A total of 1,499 CRE cases from 1,194 patients were included in the analysis, with 1,350 (90%) defined as HCA-CRE and 149 (10%) as CA-CRE. The overall crude incidence of CRE across all eight sites was 2.96 cases per 100,000 population. The sites with the highest crude incidence of HCA-CRE were Maryland and Georgia, while New York and New Mexico had the highest crude incidence of CA-CRE.
Bulens said the proportion of CRE in patients without identifiable risk factors, though small, was surprising.
"These are typically organisms identified in individuals with extensive healthcare exposure," she said. "Seeing this spread into the community is a concern because of the potential to cause infections that are challenging to treat in a broader population."
The organisms identified most frequently were Klebsiella pneumoniae (53% of cases) and Escherichia coli (18%), with K pneumoniae accounting for a higher proportion of HCA-CRE cases and E coli for a higher proportion of CA-CRE cases. Urine was the most common culture source, and the most common infections associated with CRE were UTIs, which accounted for 68% of all CRE cases, and were more common in CA-CRE than HCA-CRE cases (83% vs 67%).
Among the 1,194 patients, the 139 CA-CRE patients were similar in age to the 1,055 HCA-CRE patients (median age, 64 years), but were more likely to be female (84% vs 58%) and white (73% vs 51%). Bulens said the apparent racial differences between CA-CRE and HCA-CRE cases need to be further explored, as the numbers in the study were not large enough to be able to assess those differences.

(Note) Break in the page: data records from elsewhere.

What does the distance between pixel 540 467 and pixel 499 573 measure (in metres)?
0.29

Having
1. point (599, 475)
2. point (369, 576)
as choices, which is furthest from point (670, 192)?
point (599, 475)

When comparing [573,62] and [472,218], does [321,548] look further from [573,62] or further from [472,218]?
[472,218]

Whole genome sequencing of 12 CA-CRE isolates submitted to the CDC revealed that 5 harbored a carbapenemase gene, which carries an enzyme that can inactivate most, if not all, beta-lactam antibiotics and can be transmitted to other strains and species of bacteria. "This shows that we're not only finding CRE in the community, but we're finding the most concerning type," Bulens said.
Slowing community spread
"We know how rapidly these organisms can spread," said study co-author and CDC epidemiologist Maroya Walters, PhD, who noted the rapid community spread that's been observed in recent years in bacteria carrying another multidrug-resistance gene—extended-spectrum beta-lactamase (ESBL)—that makes treatment more difficult. "What I really worry about is that CRE will follow the same pattern."
Walters said the next step will be to figure out what other factors might be associated with CA-CRE cases.

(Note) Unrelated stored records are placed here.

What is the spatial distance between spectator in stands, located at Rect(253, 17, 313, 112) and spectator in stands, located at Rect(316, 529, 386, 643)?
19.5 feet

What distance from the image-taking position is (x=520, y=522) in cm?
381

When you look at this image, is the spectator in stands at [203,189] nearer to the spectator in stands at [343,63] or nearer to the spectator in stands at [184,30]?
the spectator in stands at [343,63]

"Are these individuals who had recent antibiotic use? Are they caring for someone who's recently been in a hospital? All of that information will be really helpful for understanding more about these CA-CRE cases in the individuals at risk," she said.

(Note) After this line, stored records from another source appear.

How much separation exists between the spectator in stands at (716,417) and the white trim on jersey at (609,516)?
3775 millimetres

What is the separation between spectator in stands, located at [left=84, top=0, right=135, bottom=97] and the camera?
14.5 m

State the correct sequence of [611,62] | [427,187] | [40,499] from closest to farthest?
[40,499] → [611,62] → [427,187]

Bulens said the findings highlight the importance of good infection prevention and control efforts "across the continuum of healthcare" to keep CRE infections out of the community. In a press release from the Association for Professionals in Infection Control and Epidemiology (APIC), which publishes the journal, APIC President Linda Dickey, RN, MPH, said they also suggest that efforts to mitigate the spread of CRE will be needed beyond hospital walls.
"This study provides important initial data regarding the potential for CRE to become more common in the community," Dickey said. "It also reinforces the need for continued CRE monitoring outside of healthcare settings to inform community-prevention efforts and reduce the spread of serious, drug-resistant infections."